Playwright David Milroy's story, Walardu and Karla, draws on an Aboriginal legend of Karla, the fire that ‘had burned for more than twenty years.’

Poet Miriam Wei Wei Lo explores several ways in which fire informs people's lives, both literally and symbolically, across different cultural contexts and times.

Paul Hetherington’s poem Bushfire captures 'the aftermath of fire,' where 'nights [are] charred with recollection.'

Sharon Tassicker, Curator at the Janet Holmes à Court Gallery at Vasse Felix, shares a selection of art works from their 2013 fire exhibition that illustrate some of the myriad qualities, associations, symbols and emotions that fire generates from Aboriginal and non-Aboriginal perspectives.

Mike Rumble's photographic essay recalls both 'the natural beauty and power of the fire' and the recovery of the bush after fire.

These are just some of the rich and diverse range of responses to fire contained in the poetry, fiction and visual material in this anthology. Some refer to contemporary events and are often realistic; others use legend, history and memory in their work.

Part of the profit from this publication will be donated to Volunteer Fire Associations in recognition of their outstanding and heroic community service.

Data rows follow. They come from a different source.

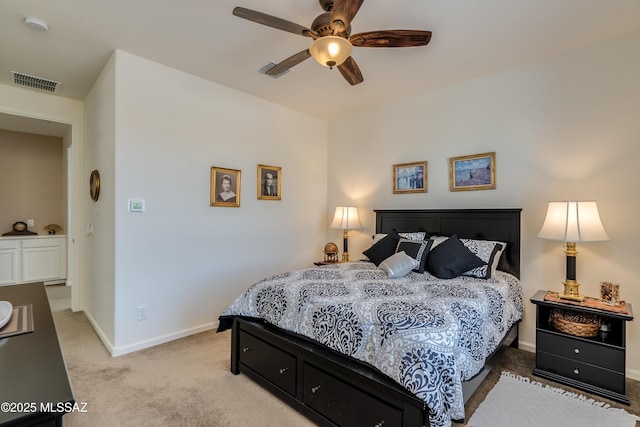 bedroom with baseboards, visible vents, light carpet, and ceiling fan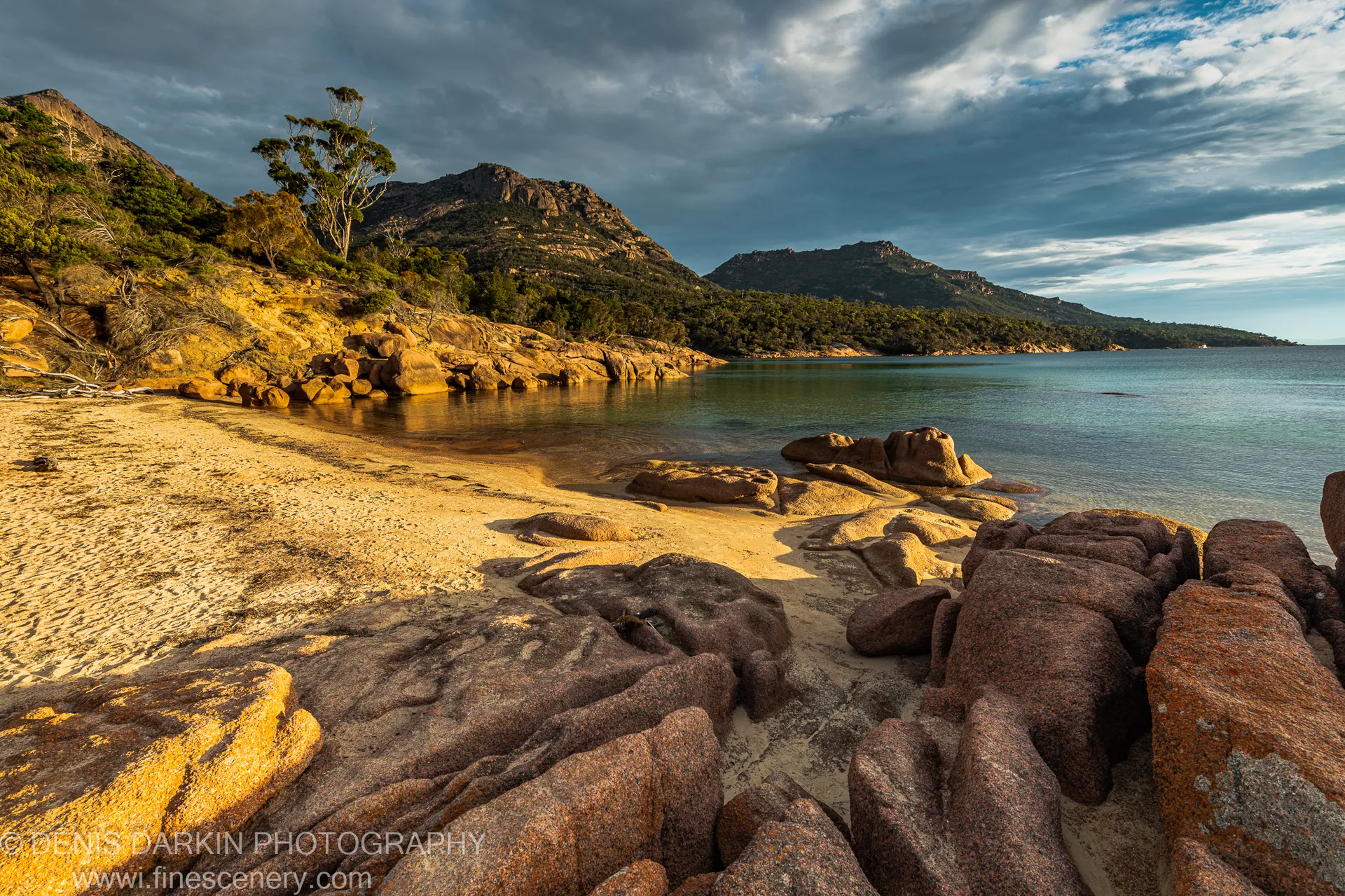 Sunlit granite boulders and sandy beach at Coles Bay, Tasmania, beneath a heavy sky of slate-grey cloud, with dark-green coastal vegetation on the distant slopes.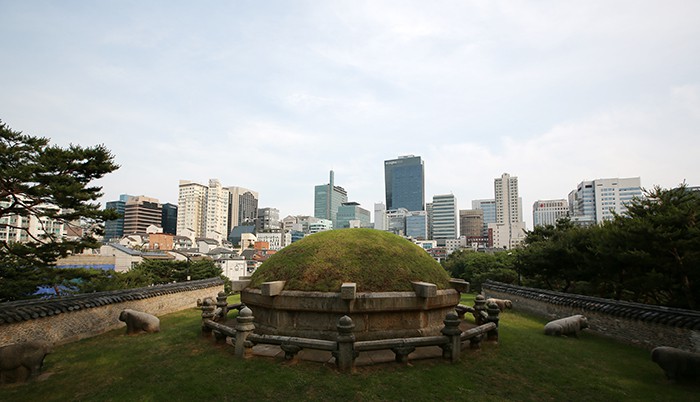 Jeongneung is the tomb of King Jungjong (r. 1506-1544), the 11th king of Joseon. The tomb is seen from the front and the skyline in the background shows a typical urban scene. 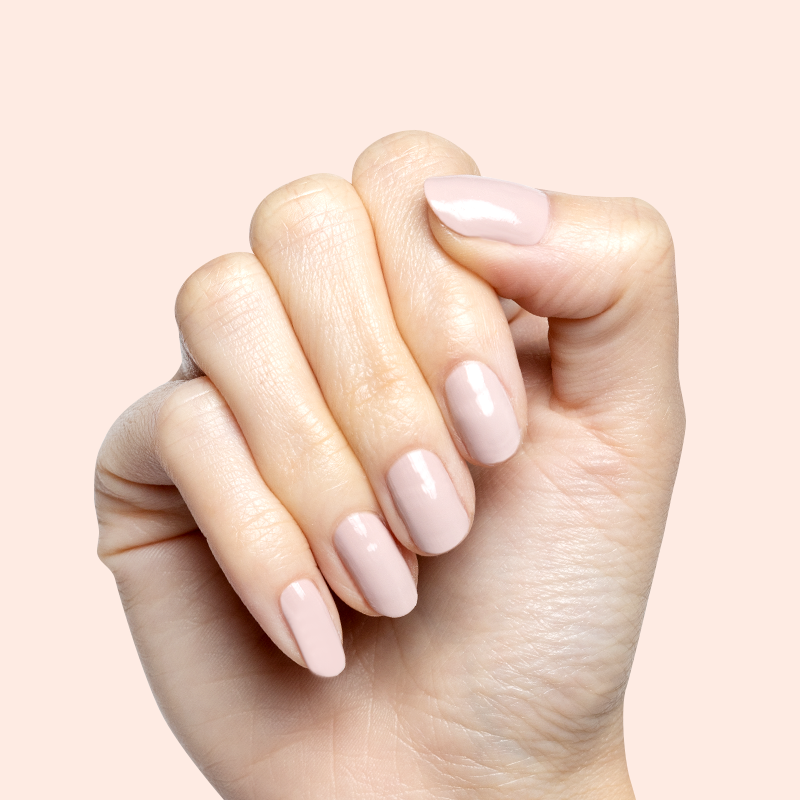Hand with short nails painted in Kitten neutral greige polish showing a clean, polished at home manicure look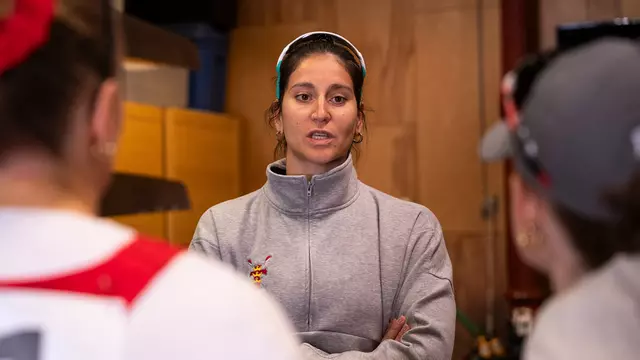 Photo of BU women's rowing assistant coach Anneta Kyridou speaking with the team.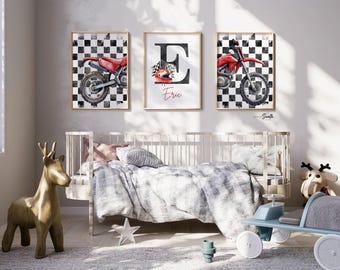 May include: Three framed wall art prints featuring a red dirt bike on a black and white checkered background and a central print with a large letter E, a red racing helmet, and the name Eric written in red script, all displayed in a nursery.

Cassandra Atherton is a writer and lecturer in Literary Studies and Professional and Creative Writing at Deakin University. Her publications include a book of literary criticism, Flashing Eyes and Floating Hair: A Study of Gwen Harwood’s Pseudonymous Poetry (Australian Scholarly Press, 2007), a book of poetry, After Lolita (Ahadada Press, 2010), and a novel, The Man Jar (Printed Matter Press, 2010).

Miranda Aitken has had work published in indigo, 1 & 6 and several Australian anthologies including Scintillae 2012. Her poetry was Highly Commended in the Tom Collins Poetry Prize 2006. Miranda is in her final year of a Bachelor of Arts in Literature and Writing at ECU Southwest. She lives in Margaret River, works at the local bookshop and experienced the fire of 2011.

Sean Blocksidge is a local Margaret River resident and is the owner operator of the Margaret River Discovery Company. Sean is a Margaret River volunteer fire fighter. His photos in the collection were taken during the 2011 Margaret River bush fires.

Aksel Dadswell is currently studying a Bachelor of Arts with a major in writing and literature at Edith Cowan University in Bunbury. He has won a number of awards including the John Marsden Poetry & Short Story Prize for Young Australian.

Claire Wren Dunn is a freelance journalist, barefoot explorer and writer based in the Hunter Valley of NSW. She is currently working on a memoir My Wild Heart about the year she lived in the bush without matches.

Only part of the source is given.